MONTREAL, QUEBEC, CANADA – After coming up short in a protracted battle with rival rail carrier Canadian Pacific Ltd. (CP) to acquire Kansas City Southern (KCS), Canadian National (CN) on Sept. 17 unveiled a strategic plan that it said will allow it to “continue delivering high-quality service to customers while generating profitable growth and enhanced returns to shareholders.”

CN, which calls the plan “Full Speed Ahead — Redefining Railroading,” said it builds upon its January 2021 strategy to lead on safety, customer value, operational excellence, sustainability and social inclusion, while also delivering industry-leading shareholder returns.

“CN’s ambition is to build the premier railway of the 21st century by methodically investing in technologies to deliver high-quality service to customers, improve safety and sustainability, create capacity and reduce costs and delays,” said JJ Ruest, president and chief executive officer of CN. “Just as CN pioneered the industry’s focus on efficiency to increase reliability, we are now well-positioned to lead the industry through its next transformation by investing in the success of our customers, workforce and communities while delivering enhanced financial results.”

CN said it has conducted an extensive review of all revenue and cost levers and has targeted C$700 million of operating income improvements to drive future growth. To achieve these improvements in 2022, CN intends to use a balanced approach that includes a strategic review of non-rail businesses and an optimization of labor productivity.

For 2022, CN expects to grow operating income and earnings per share (EPS) by approximately 20% and improve its operating ratio to 57%. Additionally, CN is reviewing its capital structure and financial leverage with a view to increasing total shareholder distributions.

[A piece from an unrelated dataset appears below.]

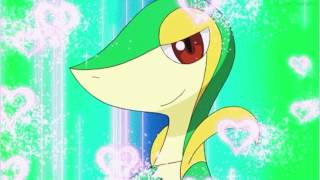 quotNo moneyquot Snivy AMV Requested by Nick Puth [upl. by Amal]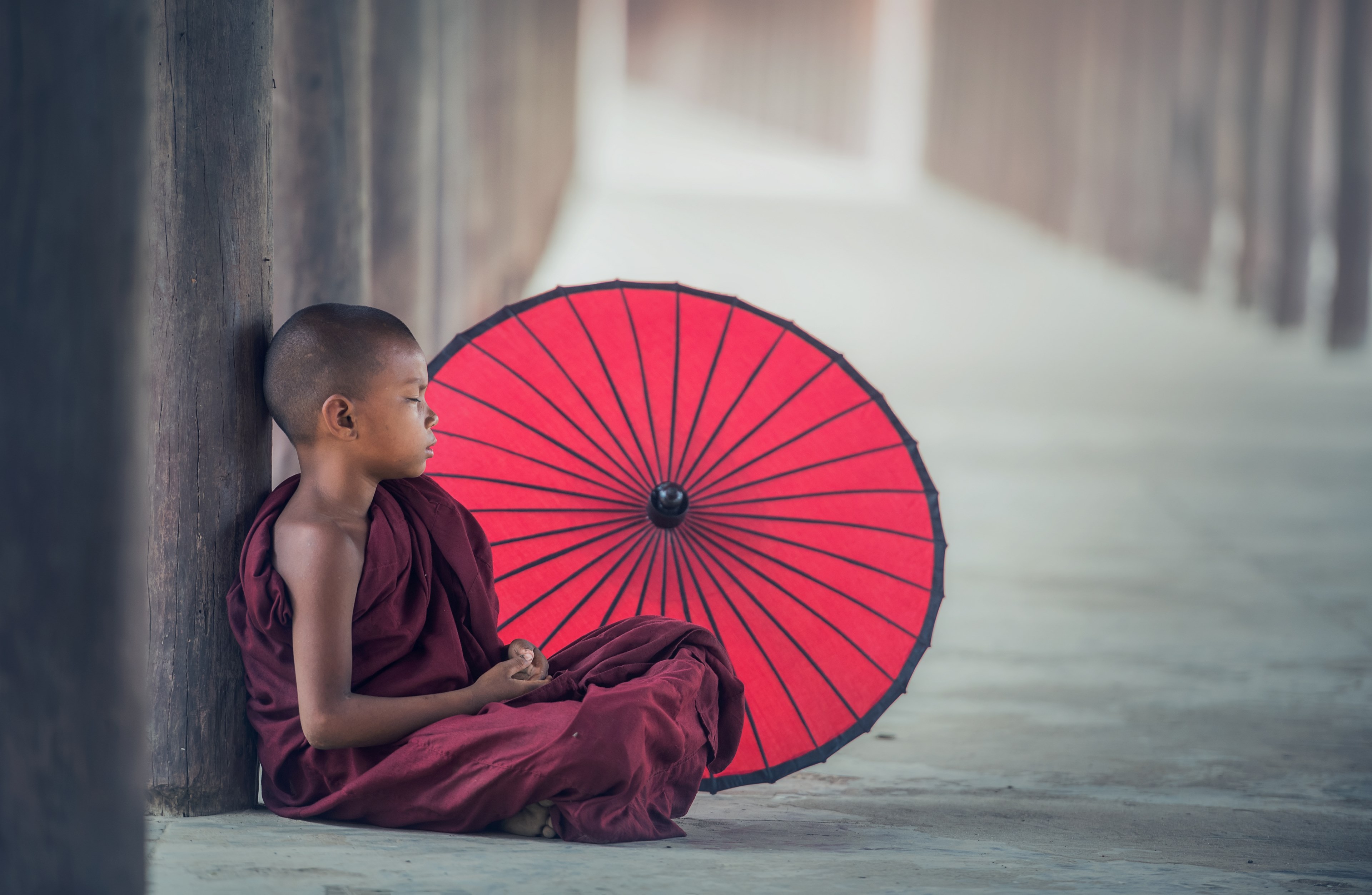 umbrella eat asia burma faith boy buddha 4k, HD Wallpaper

CN said it is committed to operational excellence and delivering value for its shareholders by:

  • Recommencing share repurchases under the plan previously approved by CN’s board of directors in January 2021 and completing the remaining C$1.1 billion of share repurchases by the end of January 2022.
     
  • Reviewing its capital structure and financial leverage with a view to increase total shareholder distributions, including share repurchases in the range of C$5 billion for 2022.
     
  • Reducing capex to 17% of revenue in 2022 as a result of the current good condition of its network and the company’s commitment to safety and customer service. CN expects to maintain capex at 17% of revenue for 2023-24 unless there are significant market shifts.
     
  • Driving top-quartile Total Shareholder Return (TSR), leading the industry in organic revenue growth driven by CN’s intermodal business and showing continuous improvement on its operating margin.
     

CN also unveiled the company’s plan to excel in the areas of sustainability, safety and social inclusion. They include:

  • Setting a science-based target of 43% carbon emission intensity reduction by 2030 based on 2019 levels.
  • Becoming the North American rail industry leader in fuel efficiency, consuming approximately 15% less locomotive fuel per gross ton mile.
  • Introducing an annual advisory vote on CN’s climate change action plan.
  • Aligning executive compensation with ESG objectives, including safety and fuel efficiency.
  • Reducing the mandatory retirement age and confirmed term limits for the board of directors.
  • Adding two new directors in 2021, along with a March 2021 announcement that CN’s board chairman will not be seeking re-election when his term expires in 2022.
  • Setting a target of at least 50% of non-management directors coming from diverse groups, including gender parity, by the end of 2022

 

“We spent the last several years making strategic and important customer-centric investments in our network, technology, sustainability and people,” said Robert Pace, chairman of CN. “These investments have allowed us to deliver high-quality service to our customers and position us well to drive more sustainable returns to shareholders over the long term. I am confident that CN’s senior management, a team of world-class railroaders who are focused on redefining the rail industry, have the skills and determination to lead the company into this exciting next phase.”

As part of its recently terminated transaction with KCS, CN said it secured an incremental $700 million in break-up fees.

While CN said it continues to believe that a CN-KCS combination would have enhanced competition and delivered many other compelling benefits for stakeholders, there have been significant changes to the US regulatory landscape since CN launched its initial proposal, which have made completing any Class I merger much less certain, including an Executive Order focused on competition issued by President Joe Biden in July.

CN has 19,500 miles of railroad network connecting Canada’s eastern and western coasts with the southern US.